Reproduce this listing from its first line through the line with "160621-PM2 Goldfaber Creative Mar.png", inclusive, leaving out all that follows.
━━━ Listed entries
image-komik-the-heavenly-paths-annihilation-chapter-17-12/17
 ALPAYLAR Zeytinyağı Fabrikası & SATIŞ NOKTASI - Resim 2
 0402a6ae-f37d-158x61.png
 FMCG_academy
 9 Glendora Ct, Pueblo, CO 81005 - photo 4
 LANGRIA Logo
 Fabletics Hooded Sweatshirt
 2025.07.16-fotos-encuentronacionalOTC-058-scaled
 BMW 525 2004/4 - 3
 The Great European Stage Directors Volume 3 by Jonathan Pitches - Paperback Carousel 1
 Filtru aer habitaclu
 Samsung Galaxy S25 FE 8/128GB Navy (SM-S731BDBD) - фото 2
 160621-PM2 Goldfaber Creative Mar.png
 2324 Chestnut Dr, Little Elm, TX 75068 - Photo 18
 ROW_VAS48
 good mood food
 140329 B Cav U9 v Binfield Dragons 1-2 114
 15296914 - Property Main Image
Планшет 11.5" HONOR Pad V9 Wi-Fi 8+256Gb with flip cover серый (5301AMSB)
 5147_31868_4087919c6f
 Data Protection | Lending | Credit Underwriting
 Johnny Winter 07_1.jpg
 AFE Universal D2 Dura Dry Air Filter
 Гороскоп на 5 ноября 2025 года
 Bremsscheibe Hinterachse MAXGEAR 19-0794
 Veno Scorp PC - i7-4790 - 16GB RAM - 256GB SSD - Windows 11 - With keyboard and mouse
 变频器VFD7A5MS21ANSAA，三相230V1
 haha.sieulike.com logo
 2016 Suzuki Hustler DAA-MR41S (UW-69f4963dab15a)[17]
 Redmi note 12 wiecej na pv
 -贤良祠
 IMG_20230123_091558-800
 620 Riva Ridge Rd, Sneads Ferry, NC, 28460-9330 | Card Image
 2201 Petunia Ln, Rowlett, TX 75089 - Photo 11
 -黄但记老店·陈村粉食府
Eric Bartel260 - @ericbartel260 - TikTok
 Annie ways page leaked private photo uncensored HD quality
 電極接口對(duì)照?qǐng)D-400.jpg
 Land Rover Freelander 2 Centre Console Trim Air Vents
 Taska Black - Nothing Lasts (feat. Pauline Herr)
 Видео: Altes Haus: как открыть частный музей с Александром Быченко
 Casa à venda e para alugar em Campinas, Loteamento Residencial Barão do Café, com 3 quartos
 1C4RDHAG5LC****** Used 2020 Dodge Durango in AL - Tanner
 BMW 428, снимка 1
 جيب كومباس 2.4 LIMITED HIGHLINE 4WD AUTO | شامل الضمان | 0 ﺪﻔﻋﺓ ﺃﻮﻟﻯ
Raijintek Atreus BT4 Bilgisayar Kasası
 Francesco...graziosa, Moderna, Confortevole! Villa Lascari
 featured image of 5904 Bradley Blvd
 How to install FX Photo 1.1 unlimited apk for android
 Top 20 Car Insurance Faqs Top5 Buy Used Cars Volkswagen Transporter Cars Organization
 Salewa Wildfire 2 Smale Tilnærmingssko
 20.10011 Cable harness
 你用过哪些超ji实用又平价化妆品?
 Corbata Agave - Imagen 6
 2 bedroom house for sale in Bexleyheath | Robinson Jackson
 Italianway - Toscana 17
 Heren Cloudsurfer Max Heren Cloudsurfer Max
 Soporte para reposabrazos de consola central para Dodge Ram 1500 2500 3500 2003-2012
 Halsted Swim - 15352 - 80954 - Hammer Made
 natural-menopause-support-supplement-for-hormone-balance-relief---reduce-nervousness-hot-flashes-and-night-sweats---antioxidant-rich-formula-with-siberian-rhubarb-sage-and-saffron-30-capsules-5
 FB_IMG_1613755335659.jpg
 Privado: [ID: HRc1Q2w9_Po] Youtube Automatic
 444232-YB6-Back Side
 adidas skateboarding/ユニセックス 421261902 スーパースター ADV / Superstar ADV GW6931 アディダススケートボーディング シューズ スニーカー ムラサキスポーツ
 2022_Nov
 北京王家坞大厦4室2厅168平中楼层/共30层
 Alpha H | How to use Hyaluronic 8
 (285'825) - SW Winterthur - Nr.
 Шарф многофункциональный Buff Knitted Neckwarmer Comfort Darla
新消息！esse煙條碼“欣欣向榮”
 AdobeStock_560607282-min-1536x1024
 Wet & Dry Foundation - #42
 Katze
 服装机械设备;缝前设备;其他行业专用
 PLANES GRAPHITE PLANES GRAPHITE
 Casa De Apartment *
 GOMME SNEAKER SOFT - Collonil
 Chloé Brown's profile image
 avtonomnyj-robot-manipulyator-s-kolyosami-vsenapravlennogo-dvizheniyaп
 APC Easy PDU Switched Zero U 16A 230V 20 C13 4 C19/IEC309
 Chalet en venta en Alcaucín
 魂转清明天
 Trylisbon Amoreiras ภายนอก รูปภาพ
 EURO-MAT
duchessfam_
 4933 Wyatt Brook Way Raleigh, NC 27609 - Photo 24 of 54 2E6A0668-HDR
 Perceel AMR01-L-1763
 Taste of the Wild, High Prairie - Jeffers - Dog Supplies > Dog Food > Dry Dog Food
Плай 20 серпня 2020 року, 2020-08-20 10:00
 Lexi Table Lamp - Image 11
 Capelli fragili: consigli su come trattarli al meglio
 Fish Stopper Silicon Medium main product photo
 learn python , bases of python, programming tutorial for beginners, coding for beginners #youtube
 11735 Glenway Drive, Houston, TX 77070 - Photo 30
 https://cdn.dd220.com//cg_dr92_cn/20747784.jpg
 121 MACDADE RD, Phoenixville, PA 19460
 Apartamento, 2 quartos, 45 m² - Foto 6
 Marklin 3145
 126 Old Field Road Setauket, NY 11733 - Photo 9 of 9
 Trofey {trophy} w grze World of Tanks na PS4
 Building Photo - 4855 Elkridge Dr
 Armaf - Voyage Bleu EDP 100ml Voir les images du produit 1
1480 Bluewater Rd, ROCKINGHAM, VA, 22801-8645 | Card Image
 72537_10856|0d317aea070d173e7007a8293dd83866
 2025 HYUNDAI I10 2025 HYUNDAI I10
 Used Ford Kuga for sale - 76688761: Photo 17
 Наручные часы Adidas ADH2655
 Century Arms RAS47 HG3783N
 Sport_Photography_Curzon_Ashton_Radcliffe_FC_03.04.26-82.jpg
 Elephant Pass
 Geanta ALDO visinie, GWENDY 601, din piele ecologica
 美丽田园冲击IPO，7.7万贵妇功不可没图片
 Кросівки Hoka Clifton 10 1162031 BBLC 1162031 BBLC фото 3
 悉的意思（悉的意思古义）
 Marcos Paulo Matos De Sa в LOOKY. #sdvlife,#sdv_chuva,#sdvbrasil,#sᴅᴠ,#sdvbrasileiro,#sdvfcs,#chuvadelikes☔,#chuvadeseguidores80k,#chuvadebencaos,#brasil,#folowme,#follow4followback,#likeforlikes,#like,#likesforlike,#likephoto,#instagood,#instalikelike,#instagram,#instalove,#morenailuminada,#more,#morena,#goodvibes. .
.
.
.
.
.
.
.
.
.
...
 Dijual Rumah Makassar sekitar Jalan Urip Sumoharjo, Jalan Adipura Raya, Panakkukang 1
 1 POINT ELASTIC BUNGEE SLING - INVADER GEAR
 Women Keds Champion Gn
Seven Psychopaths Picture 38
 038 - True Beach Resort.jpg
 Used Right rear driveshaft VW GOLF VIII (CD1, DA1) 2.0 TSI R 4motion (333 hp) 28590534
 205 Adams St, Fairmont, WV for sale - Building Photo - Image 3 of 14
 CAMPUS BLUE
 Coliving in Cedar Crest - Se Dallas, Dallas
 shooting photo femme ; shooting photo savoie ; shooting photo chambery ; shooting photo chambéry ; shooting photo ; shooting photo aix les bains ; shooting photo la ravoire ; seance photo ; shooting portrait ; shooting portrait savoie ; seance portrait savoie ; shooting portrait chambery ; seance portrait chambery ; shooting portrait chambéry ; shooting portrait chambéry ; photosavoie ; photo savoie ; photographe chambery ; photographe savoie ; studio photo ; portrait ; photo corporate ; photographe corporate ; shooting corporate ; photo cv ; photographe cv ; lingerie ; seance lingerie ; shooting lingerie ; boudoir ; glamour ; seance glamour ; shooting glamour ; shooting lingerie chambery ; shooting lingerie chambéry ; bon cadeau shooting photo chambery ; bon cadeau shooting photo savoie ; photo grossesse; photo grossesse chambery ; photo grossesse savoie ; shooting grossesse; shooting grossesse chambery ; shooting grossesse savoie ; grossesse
━━━━━━
◆ Exercise solution
image-komik-the-heavenly-paths-annihilation-chapter-17-12/17
 ALPAYLAR Zeytinyağı Fabrikası & SATIŞ NOKTASI - Resim 2
 0402a6ae-f37d-158x61.png
 FMCG_academy
 9 Glendora Ct, Pueblo, CO 81005 - photo 4
 LANGRIA Logo
 Fabletics Hooded Sweatshirt
 2025.07.16-fotos-encuentronacionalOTC-058-scaled
 BMW 525 2004/4 - 3
 The Great European Stage Directors Volume 3 by Jonathan Pitches - Paperback Carousel 1
 Filtru aer habitaclu
 Samsung Galaxy S25 FE 8/128GB Navy (SM-S731BDBD) - фото 2
 160621-PM2 Goldfaber Creative Mar.png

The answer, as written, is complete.